Pubertad Santiaguina

La separación

Mis hermanos y yo nos enteramos de la separación varios meses después de que esta ocurriera; sucedió más o menos así: nosotros siempre viajábamos a Santiago a casa de los abuelos Almarza durante las vacaciones, y lo hacíamos por periodos largos, siempre mi padre se quedaba en Santa Juana atendiendo el negocio familiar, por lo que ese día de diciembre de mil novecientos noventa y siete no nos pareció extraño, empacar nuestras cosas y partir a Santiago, como cualquier verano, un poco antes pero, ¿que importa? con los abuelos se pasa bien, hay televisión por cable y golosinas.

En esas vacaciones se pasaba muy bien, sobre todo por que podía interactuar con mis más de treinta primos (en ese entonces, ahora somos cerca de cincuenta), y nadar en la piscina de mi abuelita Rosalía, etc.

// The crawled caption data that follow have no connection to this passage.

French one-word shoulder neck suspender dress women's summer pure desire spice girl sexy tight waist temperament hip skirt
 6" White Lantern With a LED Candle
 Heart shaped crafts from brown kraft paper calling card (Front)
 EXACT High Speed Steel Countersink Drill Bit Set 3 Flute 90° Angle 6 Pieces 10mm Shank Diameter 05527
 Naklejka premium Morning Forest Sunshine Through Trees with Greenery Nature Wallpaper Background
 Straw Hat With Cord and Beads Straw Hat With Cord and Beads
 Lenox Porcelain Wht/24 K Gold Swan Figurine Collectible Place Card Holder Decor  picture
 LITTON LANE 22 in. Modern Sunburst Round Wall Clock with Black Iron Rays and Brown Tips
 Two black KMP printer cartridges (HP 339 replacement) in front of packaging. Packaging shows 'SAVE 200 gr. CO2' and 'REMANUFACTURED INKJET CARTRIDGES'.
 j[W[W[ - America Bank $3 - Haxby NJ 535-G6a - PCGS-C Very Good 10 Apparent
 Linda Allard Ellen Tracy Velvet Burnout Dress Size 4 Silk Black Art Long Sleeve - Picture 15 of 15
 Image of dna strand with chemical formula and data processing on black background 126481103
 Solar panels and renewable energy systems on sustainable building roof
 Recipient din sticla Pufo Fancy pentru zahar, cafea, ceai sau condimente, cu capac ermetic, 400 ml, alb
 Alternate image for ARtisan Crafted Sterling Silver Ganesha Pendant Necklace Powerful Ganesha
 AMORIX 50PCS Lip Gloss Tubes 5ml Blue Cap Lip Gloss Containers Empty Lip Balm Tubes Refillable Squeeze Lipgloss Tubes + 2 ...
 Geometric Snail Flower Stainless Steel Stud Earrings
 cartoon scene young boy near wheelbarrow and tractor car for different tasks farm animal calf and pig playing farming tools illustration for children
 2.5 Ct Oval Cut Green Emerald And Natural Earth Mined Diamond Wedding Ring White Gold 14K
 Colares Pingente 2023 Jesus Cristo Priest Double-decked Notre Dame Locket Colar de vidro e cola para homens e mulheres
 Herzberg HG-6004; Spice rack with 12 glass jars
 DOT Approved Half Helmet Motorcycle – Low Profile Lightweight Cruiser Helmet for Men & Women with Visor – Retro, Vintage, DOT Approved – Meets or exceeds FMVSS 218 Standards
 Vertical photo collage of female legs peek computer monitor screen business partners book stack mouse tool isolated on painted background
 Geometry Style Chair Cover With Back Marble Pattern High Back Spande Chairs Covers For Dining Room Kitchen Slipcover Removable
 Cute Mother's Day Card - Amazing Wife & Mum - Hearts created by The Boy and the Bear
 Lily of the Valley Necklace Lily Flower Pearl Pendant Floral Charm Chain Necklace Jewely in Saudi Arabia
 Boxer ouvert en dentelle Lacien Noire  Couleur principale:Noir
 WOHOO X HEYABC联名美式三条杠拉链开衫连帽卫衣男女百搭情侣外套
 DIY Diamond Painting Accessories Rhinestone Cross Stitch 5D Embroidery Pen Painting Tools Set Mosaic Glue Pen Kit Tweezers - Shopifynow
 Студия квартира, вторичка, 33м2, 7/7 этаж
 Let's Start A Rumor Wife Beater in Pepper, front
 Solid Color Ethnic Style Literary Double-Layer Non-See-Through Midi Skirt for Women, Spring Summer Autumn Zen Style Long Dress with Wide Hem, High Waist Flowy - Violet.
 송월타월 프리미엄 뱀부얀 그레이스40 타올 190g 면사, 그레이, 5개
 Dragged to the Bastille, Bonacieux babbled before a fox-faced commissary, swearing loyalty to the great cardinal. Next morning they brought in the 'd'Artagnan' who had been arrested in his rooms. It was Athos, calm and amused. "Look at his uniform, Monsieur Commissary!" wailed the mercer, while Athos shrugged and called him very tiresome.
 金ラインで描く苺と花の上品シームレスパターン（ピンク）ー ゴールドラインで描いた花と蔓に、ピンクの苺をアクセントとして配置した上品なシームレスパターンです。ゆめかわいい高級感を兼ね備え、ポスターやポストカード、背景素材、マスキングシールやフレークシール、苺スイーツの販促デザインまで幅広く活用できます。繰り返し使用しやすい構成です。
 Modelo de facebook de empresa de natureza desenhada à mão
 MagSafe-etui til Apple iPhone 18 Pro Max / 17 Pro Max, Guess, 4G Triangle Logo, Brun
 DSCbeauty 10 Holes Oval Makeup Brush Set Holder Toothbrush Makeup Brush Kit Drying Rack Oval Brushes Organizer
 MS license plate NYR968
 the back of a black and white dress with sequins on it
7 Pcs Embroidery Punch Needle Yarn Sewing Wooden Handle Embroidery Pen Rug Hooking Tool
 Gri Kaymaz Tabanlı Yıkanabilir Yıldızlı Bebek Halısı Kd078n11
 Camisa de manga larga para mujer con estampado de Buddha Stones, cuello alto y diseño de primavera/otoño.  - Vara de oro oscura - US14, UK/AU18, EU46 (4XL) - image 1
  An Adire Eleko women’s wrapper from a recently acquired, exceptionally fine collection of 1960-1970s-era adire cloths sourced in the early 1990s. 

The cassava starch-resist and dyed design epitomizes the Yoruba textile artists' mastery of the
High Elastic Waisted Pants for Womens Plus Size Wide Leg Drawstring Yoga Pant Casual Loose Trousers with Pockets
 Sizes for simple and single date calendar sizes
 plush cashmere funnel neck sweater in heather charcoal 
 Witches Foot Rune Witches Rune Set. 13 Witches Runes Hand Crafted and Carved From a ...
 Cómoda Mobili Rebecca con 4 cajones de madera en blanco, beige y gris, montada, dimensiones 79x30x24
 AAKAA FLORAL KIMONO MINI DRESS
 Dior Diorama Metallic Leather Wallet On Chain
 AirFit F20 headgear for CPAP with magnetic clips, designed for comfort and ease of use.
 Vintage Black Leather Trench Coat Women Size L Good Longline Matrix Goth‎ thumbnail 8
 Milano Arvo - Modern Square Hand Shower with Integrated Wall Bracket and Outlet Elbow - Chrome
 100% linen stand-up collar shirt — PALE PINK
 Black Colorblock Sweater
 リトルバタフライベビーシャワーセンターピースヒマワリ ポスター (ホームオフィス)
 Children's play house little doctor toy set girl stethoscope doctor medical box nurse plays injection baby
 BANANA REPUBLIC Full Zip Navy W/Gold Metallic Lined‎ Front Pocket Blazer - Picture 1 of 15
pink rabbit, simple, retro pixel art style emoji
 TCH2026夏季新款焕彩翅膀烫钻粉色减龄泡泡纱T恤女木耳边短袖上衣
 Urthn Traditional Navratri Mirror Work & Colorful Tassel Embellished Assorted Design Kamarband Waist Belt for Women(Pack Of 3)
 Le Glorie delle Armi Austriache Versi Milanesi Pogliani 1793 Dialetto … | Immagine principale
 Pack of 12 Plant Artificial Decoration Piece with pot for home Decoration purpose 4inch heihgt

Pero se acercaba marzo y aún no volvíamos a Santa Juana, no salíamos a la compra de útiles y uniformes, no sabíamos nada del papá, y mi mamá hablaba con mi tía Poli de un colegio apropiado para nosotros.

En esas condiciones comenzamos a acosar a mi mamá con preguntas, hasta que nos explicó todo, resulta que mi padre había mantenido una relación paralela con una de sus trabajadoras, de la cual habían resultado 2 medios hermanos, mi mamá nos explicó que le había dado muchas oportunidades a mi papá de que terminara con esa relación y que mi papá habría sido incapaz de cortar con la amante, y que por esa razón nos habíamos venido a vivir a Santiago con los abuelos.

Vivíamos en una linda casa de dos pisos en la comuna de Las Condes pero el contraste entre la vida hippie-liberal de mis padres y la estricta vida católica de mis abuelos era un verdadero entuerto, un cambio que a tan temprana edad se juntó con la separación de mis padres generando serios problemas de conducta en nosotros, fue ahí que aprendí a ser rebelde, a cuestionar y criticar a la autoridad, eso me trajo muchísimas dificultades, tanto en la casa como en el colegio.

Los colegios

El primer año fuimos los tres al colegio «Sagrado Corazón de las Madres Dominicas de La Reina», eran unas monjas brasileras, muy simpáticas, pero el ambiente escolar era terrible: primero, por que yo venía de una vida rural, con todos los acentos, mañas y costumbres que eso trae, y segundo, por que los alumnos eran una colección de nuevos-ricos tratando de validarse socialmente mediante el matonaje y la agresión, actitudes con las que compensaban sus complejos e inseguridades de clase; al final mi madre no pudo seguir pagando el colegio por que el negocio de mi padre se estaba yendo a pique, por lo que dejamos de asistir a ese colegio, de lo cual yo estaba muy feliz.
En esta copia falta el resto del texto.